'Why?”

“Right here? In his own house? It’s not safe, Wizard.”

“He’s at the game,” I said. “He won’t be leaving. And the girls will be out for awhile yet.”

“How do you know?”

“He mentioned it during the game. Don’t worry about it, Joyce. Don’t worry about a thing.”

“But—”

“Or don’t you want me?”

“Oh, God!”

I reached for her, caught her by her shoulders. She held back for a moment, then fell against me, all warm and trembling. I ran my hands over her body and her flesh quivered.

“The bedroom—” Joyce started to say.

We never made the bedroom. There was a couch on the other side of the living room, but we didn’t reach there, either. I kissed her and she tossed her arms around my neck and clung to me like ivy to a stone wall. The stone wall melted and we sank to the floor and held each other close.

I put my hand under her skirt and touched the silky perfection of her thighs. Her legs opened and I stroked her high on the inside of one thigh until she was moaning hysterically. She pushed me aside and yanked her skirt up around her waist. I took her panties off. She fell back on the floor, her eyes rolling, her forehead dotted with perspiration.

“Now,” she moaned. “Now, now, right now, Bill, now, now”

No kisses, no sweet caresses, no little bits and pieces. I fell on her like a tree.

There was all that aching, all that need, and it exploded for us like a truckload of nitro on a cobblestone road. There was nothing soft or gentle, nothing remotely sweet about our love-making. What we had was something you couldn’t deny or postpone, something you could never push out of the way or ignore. And it was not the sort of blissful idyll that would evolve easily and naturally into a pattern of three or four pleasant bangs per week in the master bedroom of a split-level shack. Fires that burn with the Bill Maynard-Joyce Rogers type of flame don’t simmer down.

Which could have been a hint, a clue, a flashed card. But maybe I wasn’t looking.

Afterward she pulled on her panties and pulled down her skirt and we sat on the couch and talked. She had most of my story already from Murray. I gave her the rest and slipped her a quick summary of the plan of action. She liked it. Her approval showed in her eyes, bright and excited.

I lit a cigarette. “Of course,” I said, “we could forget it.”

She said nothing, and that noncommittally.
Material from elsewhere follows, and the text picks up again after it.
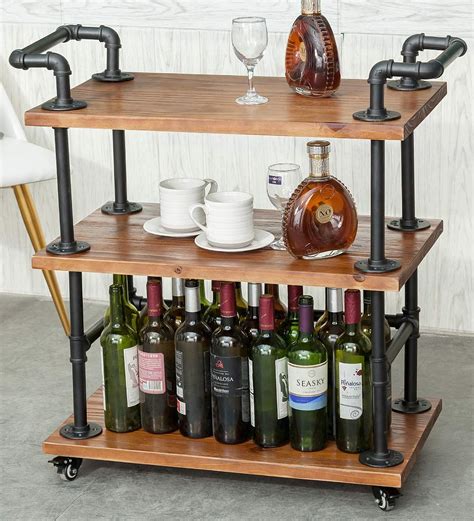 Buy Bar Carts Serving Carts Kitchen Carts Wine Rack Carts On Wheels With Storage Industrial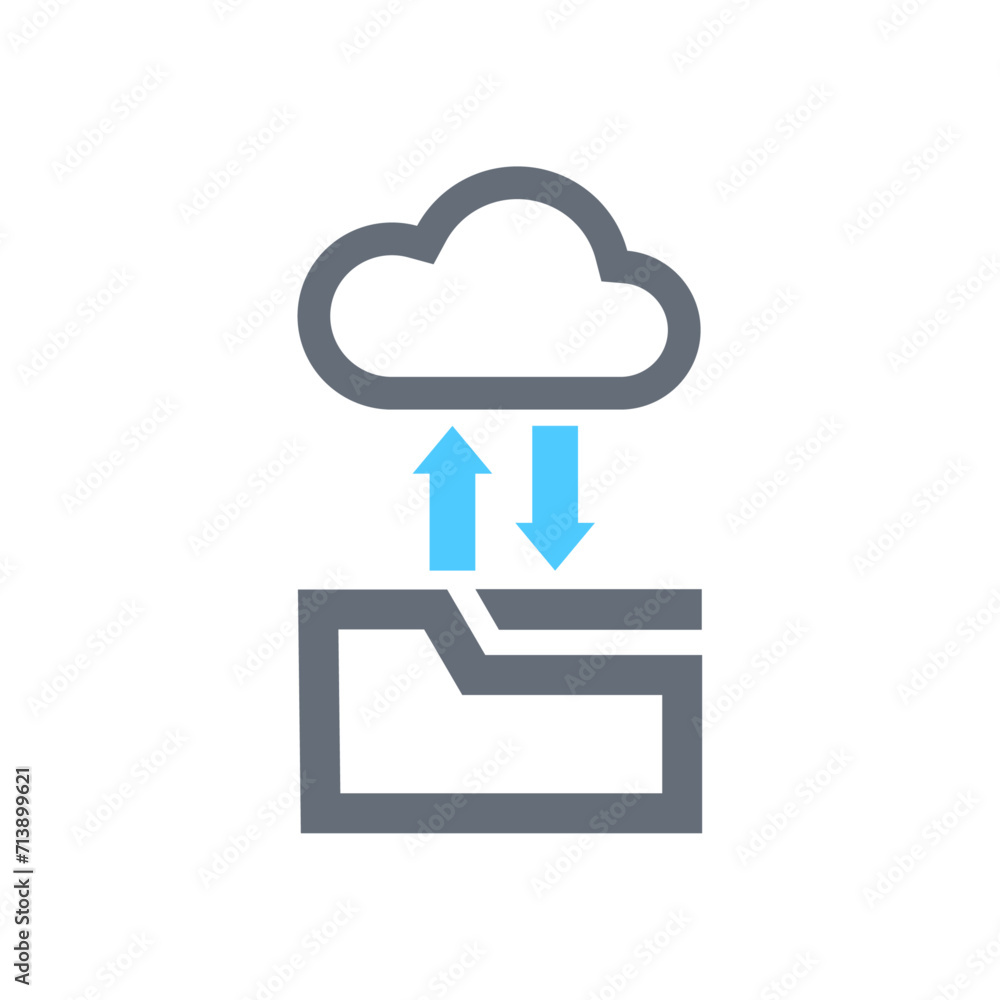 Cloud data server icon vector. Save to folder and download. Technology vector illustration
“I’m all set up in business,” I told her. “I even enjoy my work. I could just stick to my job and make enough money to keep me happy. And you could go on being Murray Rogers’ loving wife. We’ve both got it fairly soft, you know. We’re not in an especially desperate situation.”

“And keep seeing each other like this?”

“Why not?”

“And never try for the brass ring? And stay tied up like this? You like your work because it’s temporary, Wizard. It’s part of the act, not something you’d have to be doing for the rest of your life. You might not like it so much that way.”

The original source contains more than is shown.